9.       Late in 2001, Miss Richardson was asked by Best People Ltd (Best) whether she wished to provide computer services to VDS but she refused as she was involved with another contract. She indicated that she would be pleased to help in the future if they approached her again. In February 2002 Best approached her again to see if she could help with the implementation of the Accenture Customer 1 billing system (with which she was familiar) for TXU Energy.  This meant moving the clients of TXU Energy from several mainframes at VDS’s building into a new billing system. She told us that she was not interviewed for the position and assumed that VDS had checked her web site which contained her CV.

10.    There was no direct contract between Miss Richardson and VDS. VDS had urgently required to find someone to help with the work and they had been approached by Best, who had suggested that they used ECR and Miss Richardson.
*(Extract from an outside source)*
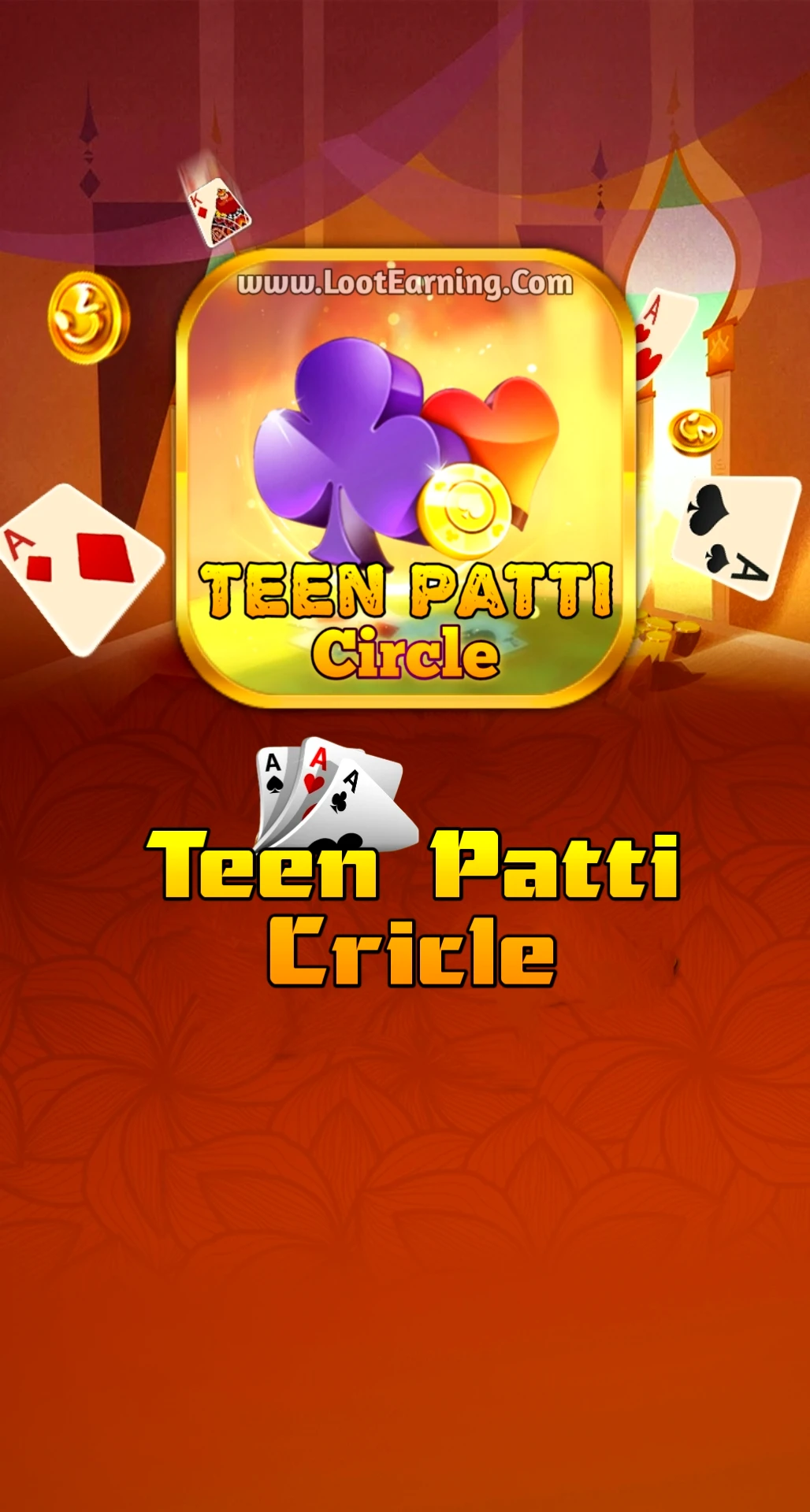 Teen Patti Circle Apk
VDS had been prepared to pay £600 per day for the services but insisted, in view of the very high daily fee, that should they terminate the contract with Best, they would not expect to pay a termination fee of the same order.

11.    This first contract between Best and ECR was for a period of 6 months from 6 March 2002 to 5 September 2002, but was extended by correspondence from 6 September 2002 to 27 December 2002. By a letter dated 18 October . Best terminated the contract on 18 November 2002. ECR did not employ Miss Richardson to work with Best or VDS again until 21 April 2003, a gap of 3 months. She had been apprehensive about working for VDS again after the early termination of the last contract. Best offered a rate of £300 per day to ECR for her services but she refused to work at that level. Eventually the rate was increased to £350 and she agreed to the work because of the poor state of the contracting market. The work involved converting all Powergen’s customers onto one platform- the Accenture Customer 1 system.

12.    The second contract ran from 22 April 2003 to 25 July 2003, but following correspondence was extended to run from 11 August 2003 to 7 November 2003; and then from 24 November 2003 to 23 February 2004.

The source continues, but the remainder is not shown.